Les consorts Z revendiquent la qualité de terrains à bâtir des trois parcelles.
Ils relèvent qu’elles sont situées en continuité de deux lotissements et constituent une unité foncière d’un seul tenant pour une superficie de 1ha 24a 67ca.
Ils ajoutent qu’elles bénéficient de tous les réseaux sur la rue O P à 11m et 12,5m et qu’elles sont situées en zone constructible 1AUm du PLU de Brissac-Quincé.
Ils forment en outre appel incident. Ils sollicitent pour ce qu’ils considèrent un terrain à bâtir non viabilisé une indemnisation sur la base de 120 € le m².

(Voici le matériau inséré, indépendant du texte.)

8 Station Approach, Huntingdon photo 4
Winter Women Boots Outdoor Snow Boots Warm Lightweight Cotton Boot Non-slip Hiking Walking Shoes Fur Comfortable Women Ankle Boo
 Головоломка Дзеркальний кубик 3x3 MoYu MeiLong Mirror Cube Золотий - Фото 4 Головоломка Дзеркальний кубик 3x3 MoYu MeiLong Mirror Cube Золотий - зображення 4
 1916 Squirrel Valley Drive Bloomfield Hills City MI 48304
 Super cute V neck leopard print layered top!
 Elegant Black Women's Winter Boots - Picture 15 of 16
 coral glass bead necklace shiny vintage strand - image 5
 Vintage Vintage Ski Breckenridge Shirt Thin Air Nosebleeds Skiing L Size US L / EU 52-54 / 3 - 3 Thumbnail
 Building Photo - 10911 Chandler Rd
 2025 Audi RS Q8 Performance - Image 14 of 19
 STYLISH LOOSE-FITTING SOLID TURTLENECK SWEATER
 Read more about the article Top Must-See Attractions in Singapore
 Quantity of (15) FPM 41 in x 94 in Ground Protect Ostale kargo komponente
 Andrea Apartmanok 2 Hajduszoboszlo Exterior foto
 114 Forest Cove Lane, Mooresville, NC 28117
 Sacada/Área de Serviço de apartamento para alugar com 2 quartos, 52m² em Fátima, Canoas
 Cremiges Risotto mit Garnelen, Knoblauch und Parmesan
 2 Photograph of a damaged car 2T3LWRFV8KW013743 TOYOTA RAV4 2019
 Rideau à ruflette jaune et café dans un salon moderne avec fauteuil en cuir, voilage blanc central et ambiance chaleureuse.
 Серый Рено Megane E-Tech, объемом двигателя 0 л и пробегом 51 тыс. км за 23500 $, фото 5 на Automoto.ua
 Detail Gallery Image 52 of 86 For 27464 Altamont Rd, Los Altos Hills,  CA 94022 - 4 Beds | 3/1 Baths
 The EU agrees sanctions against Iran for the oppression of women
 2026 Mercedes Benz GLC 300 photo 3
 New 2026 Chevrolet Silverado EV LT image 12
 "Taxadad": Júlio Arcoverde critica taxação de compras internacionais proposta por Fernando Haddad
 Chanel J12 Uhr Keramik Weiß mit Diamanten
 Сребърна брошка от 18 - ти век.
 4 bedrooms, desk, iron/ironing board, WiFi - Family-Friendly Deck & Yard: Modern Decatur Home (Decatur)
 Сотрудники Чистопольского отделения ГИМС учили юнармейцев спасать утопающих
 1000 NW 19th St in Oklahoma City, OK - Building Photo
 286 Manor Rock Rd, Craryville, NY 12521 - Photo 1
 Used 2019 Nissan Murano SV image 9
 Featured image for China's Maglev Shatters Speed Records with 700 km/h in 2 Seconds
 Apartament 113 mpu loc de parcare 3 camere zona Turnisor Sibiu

Ils demandent que les parcelles soient évaluées comme des parcelles non occupées.
En l’absence d’ordonnance de transfert de propriété, ils exposent que les biens doivent être évalués au jour du jugement alors qu’elles ne sont plus louées à M. Y depuis fort longtemps observant même qu’au jour du transport sur les lieux, elles n’étaient plus exploitées.
Ils produisent un courrier qu’ils ont adressé à M. Y lui demandant d’arrêter toute exploitation de ces terres.
Le commissaire du gouvernement exclut la qualification de terrain à bâtir des parcelles C 152, C153 et C 155 C 156 et il propose de fixer l’indemnité sur la base de 4,50 € euros du m² avec application d’un abattement de 20% pour occupation.
MOTIFS DE LA DÉCISION
I- Sur la date de référence
Les biens expropriés, soumis au droit de préemption par délibération du conseil municipal de la commune de Brissac-Quincé en date du 3 octobre 2011 sont classés au PLU du 3 octobre 2011 en zone 2AUb.
Un arrêté déclaratif d’utilité publique emportant mise en compatibilité du PLU en vue du projet d’urbanisation du secteur dit du Clos saint Nicolas en date du 5 février 2016 a classé ces terrains en zone 1AUm.
Or, pour ces terrains expropriés situés en zone de préemption de la commune, s’appliquent les dispositions de l’article L213-6 du code de l’urbanisme.
Il résulte de ce texte que lorsqu’un bien soumis au droit de préemption fait l’objet d’une expropriation pour cause d’utilité publique, la date de référence prévue à l’article L. 322-2 du code de l’expropriation pour cause d’utilité publique est celle prévue au 'a’ de l’article L. 213-4.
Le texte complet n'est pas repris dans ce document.